RECORDS SHOWN: Begin
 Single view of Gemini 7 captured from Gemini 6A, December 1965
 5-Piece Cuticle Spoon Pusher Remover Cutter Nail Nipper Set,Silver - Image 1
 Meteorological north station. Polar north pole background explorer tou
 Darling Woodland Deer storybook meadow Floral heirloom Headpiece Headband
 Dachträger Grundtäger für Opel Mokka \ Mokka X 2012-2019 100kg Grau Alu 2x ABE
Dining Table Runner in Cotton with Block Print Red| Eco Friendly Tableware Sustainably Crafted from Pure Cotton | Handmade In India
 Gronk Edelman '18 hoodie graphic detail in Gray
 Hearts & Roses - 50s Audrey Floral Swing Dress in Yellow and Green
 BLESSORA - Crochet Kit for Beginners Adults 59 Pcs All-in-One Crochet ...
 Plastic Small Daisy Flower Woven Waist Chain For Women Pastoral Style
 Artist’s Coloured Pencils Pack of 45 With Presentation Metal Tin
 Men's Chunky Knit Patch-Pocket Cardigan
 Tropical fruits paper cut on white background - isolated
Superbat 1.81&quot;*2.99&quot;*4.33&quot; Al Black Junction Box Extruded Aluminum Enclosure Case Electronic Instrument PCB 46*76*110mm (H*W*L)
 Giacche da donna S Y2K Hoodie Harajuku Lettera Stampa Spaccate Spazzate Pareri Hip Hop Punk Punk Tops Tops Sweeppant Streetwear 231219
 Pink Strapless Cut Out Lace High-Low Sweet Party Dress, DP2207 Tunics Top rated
RECORDS SHOWN: End
ABOUT THIS TASK = All entries must be repeated exactly.

EXERCISE RESPONSE =
 Single view of Gemini 7 captured from Gemini 6A, December 1965
 5-Piece Cuticle Spoon Pusher Remover Cutter Nail Nipper Set,Silver - Image 1
 Meteorological north station. Polar north pole background explorer tou
 Darling Woodland Deer storybook meadow Floral heirloom Headpiece Headband
 Dachträger Grundtäger für Opel Mokka \ Mokka X 2012-2019 100kg Grau Alu 2x ABE
Dining Table Runner in Cotton with Block Print Red| Eco Friendly Tableware Sustainably Crafted from Pure Cotton | Handmade In India
 Gronk Edelman '18 hoodie graphic detail in Gray
 Hearts & Roses - 50s Audrey Floral Swing Dress in Yellow and Green
 BLESSORA - Crochet Kit for Beginners Adults 59 Pcs All-in-One Crochet ...
 Plastic Small Daisy Flower Woven Waist Chain For Women Pastoral Style
 Artist’s Coloured Pencils Pack of 45 With Presentation Metal Tin
 Men's Chunky Knit Patch-Pocket Cardigan
 Tropical fruits paper cut on white background - isolated
Superbat 1.81&quot;*2.99&quot;*4.33&quot; Al Black Junction Box Extruded Aluminum Enclosure Case Electronic Instrument PCB 46*76*110mm (H*W*L)
 Giacche da donna S Y2K Hoodie Harajuku Lettera Stampa Spaccate Spazzate Pareri Hip Hop Punk Punk Tops Tops Sweeppant Streetwear 231219
 Pink Strapless Cut Out Lace High-Low Sweet Party Dress, DP2207 Tunics Top rated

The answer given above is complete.